• **ASSIGNED TASK**
Please repeat the listing below exactly, but do not include its pictures.

• **STORED DATA**
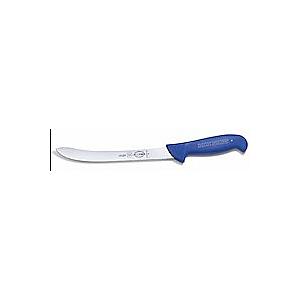 BOX OF SIX F Dick Ergogrip Fish Fillet Knife 7 Inch (8241718)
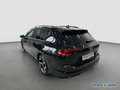 Volkswagen Golf VIII Variant R-Line 2.0TDI 110kW DSG HUD Keyless P Schwarz - thumbnail 3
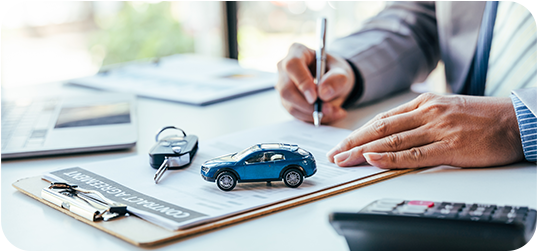 Crédito automotriz - Conoce Crédito Súper Auto Seminuevos Particulares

• **OUTPUT OF THE EXERCISE**
 BOX OF SIX F Dick Ergogrip Fish Fillet Knife 7 Inch (8241718)
 Volkswagen Golf VIII Variant R-Line 2.0TDI 110kW DSG HUD Keyless P Schwarz - thumbnail 3
 Crédito automotriz - Conoce Crédito Súper Auto Seminuevos Particulares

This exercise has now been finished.